_Problem to work on_
Leave every picture out and give back the lines below from the first through the line that holds "So we're given", exactly as written.

_Data for processing_
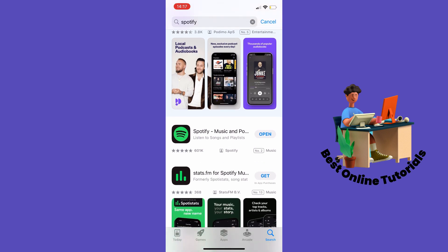When all the steps are done, restart your phone and then try it again. And this is how you fix Spotify auto-pause. Thanks for watching — subscribe.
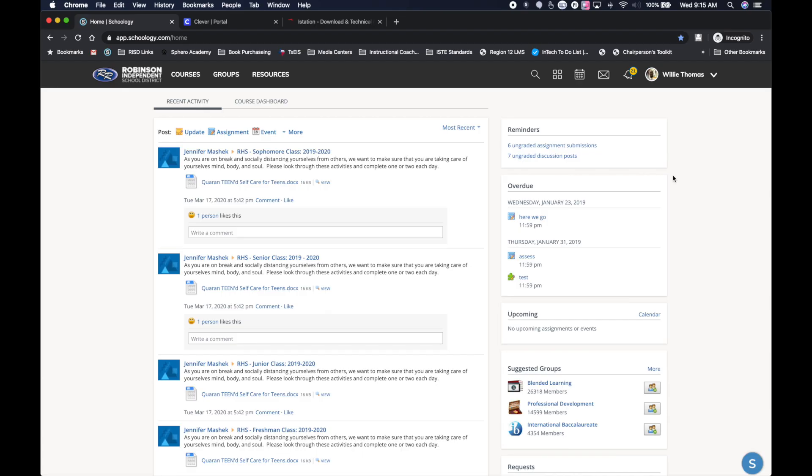Hello, this is Willie Thomas with Robinson ISD. I'm going to show you parents here real quick how you can message and stay in communication with the teachers that are going to be in the Schoology classrooms.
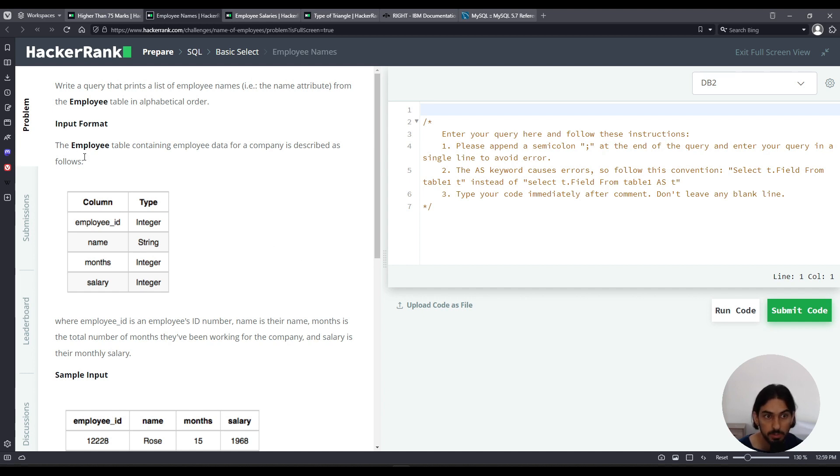So we're given this table employee that has the columns employee_id, name, months, and salary.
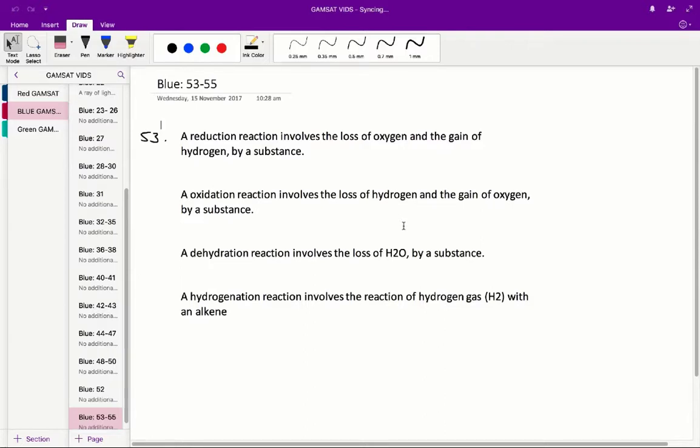Questions 53 to 55, ACE of Blue Paper. Question 53: the reaction of an alcohol with ADH is an example of? To answer this question you need to review the stem, and the important sentence is this:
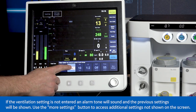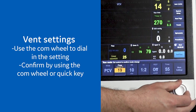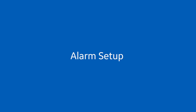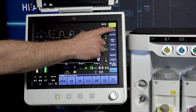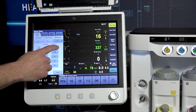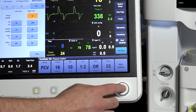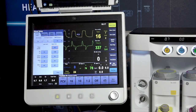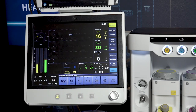To change the vent settings, select the ventilator quick key for the desired parameter to change. Use the comm wheel to dial in the setting and confirm by using the comm wheel or the quick key. Select audio pause for a two-minute audio pause. To adjust your alarms, select alarm setup. From the primary limits and/or more limits tab, select the alarm limit to adjust and make the change. Press the comm wheel in to confirm. To close the menu, press the home key, touch the waveform area of the display, or select close.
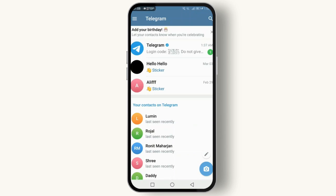Once the video is downloaded, tap and hold on the video and you'll see a few options pop up. Look for the 'Save to Gallery' option and tap on it. That's it — the video will now be saved to your phone's gallery, usually in a folder named 'Telegram' or something similar.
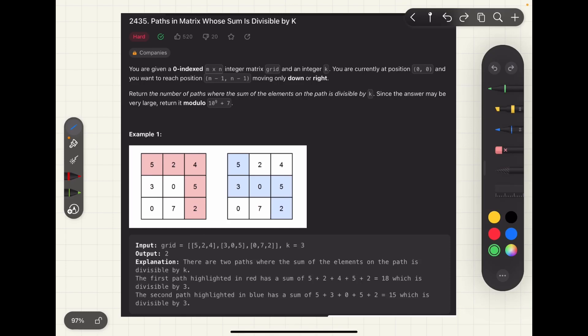Hello and welcome back everyone. Today we are going to discuss the last practice problem of this series. We are discussing LeetCode problem 2435. This is an interesting question because we are going to use three-dimensional DP here. 3D DP sounds a little intimidating but it is actually pretty simple if you can visualize the logic, and that was the main reason for including this problem in this set.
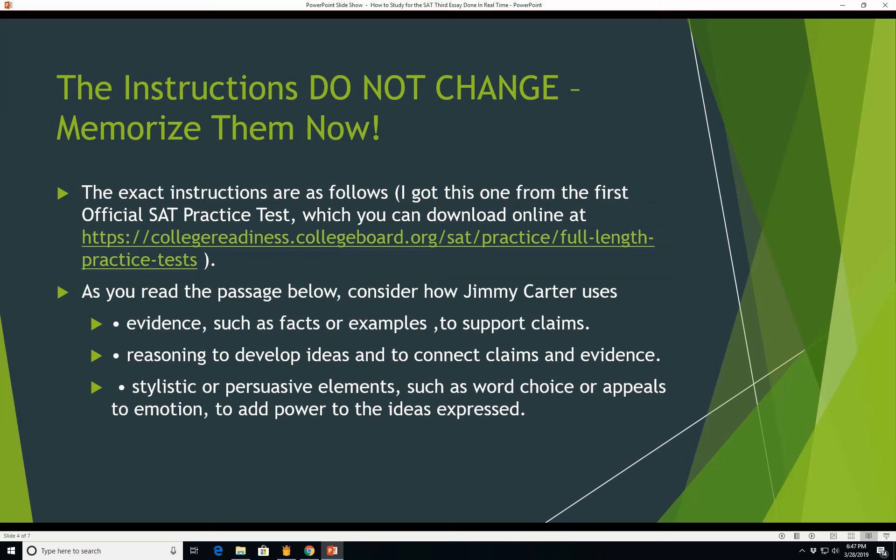The instructions do not change, just as none of the other instructions on the SAT or ACT ever change without a great deal of advance notice, so just memorize them now. The exact instructions are as follows. I got this one from the first official SAT practice test, which you can download online at this URL. This is where I got all the SAT practice tests. You can too. They're free.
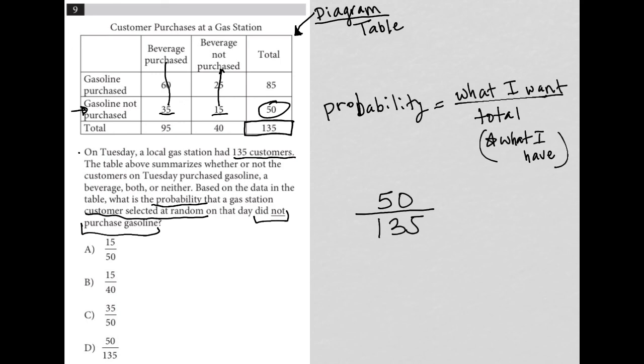So there is my probability 50 divided by 135. And therefore, the correct answer here is choice D.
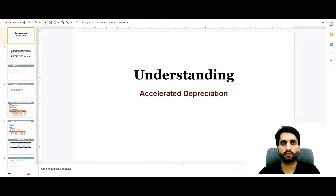Bismillah ar-Rahman ar-Rahim. Assalamu alaikum. Our today's topic is Accelerated Depreciation Methods.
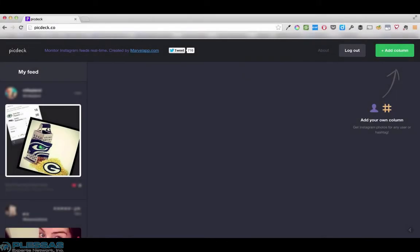Today we're going to do a quick review of picdeck.co, an app created by marvelapp.com. This app purports to do for Instagram what TweetDeck does for Twitter.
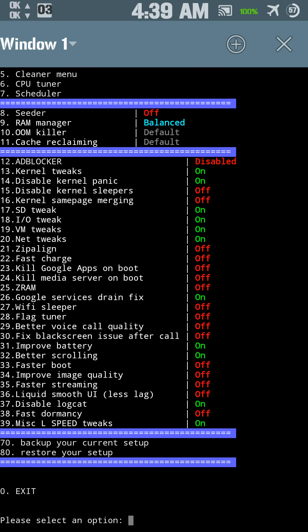Fast Charge, if you have Fast Charge, kill Google Apps on boot, kill Media Server on boot, Z-RAM, Z-RAM, Google Services Drain Fix, so I got that on, helps save battery, Wi-Fi Sleeper, Flag Tuner.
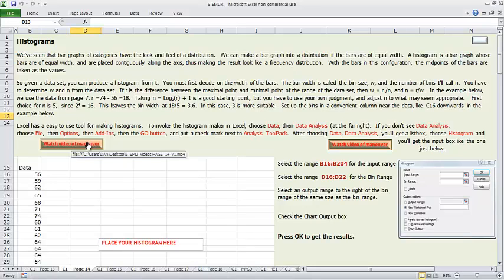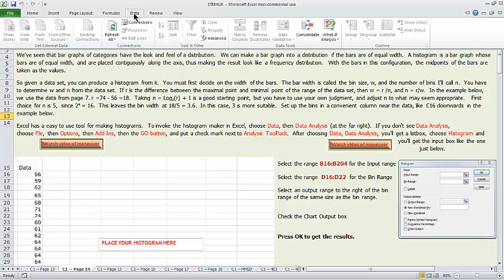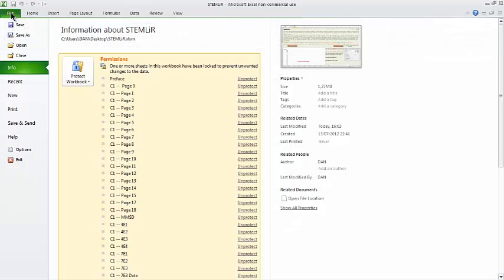You've hit this video button because when you hit Data, you don't see Data Analysis here on the right. So to fix this, we'll add in Data Analysis.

_Reply_
When all the steps are done, restart your phone and then try it again. And this is how you fix Spotify auto-pause. Thanks for watching — subscribe.
Hello, this is Willie Thomas with Robinson ISD. I'm going to show you parents here real quick how you can message and stay in communication with the teachers that are going to be in the Schoology classrooms.
So we're given this table employee that has the columns employee_id, name, months, and salary.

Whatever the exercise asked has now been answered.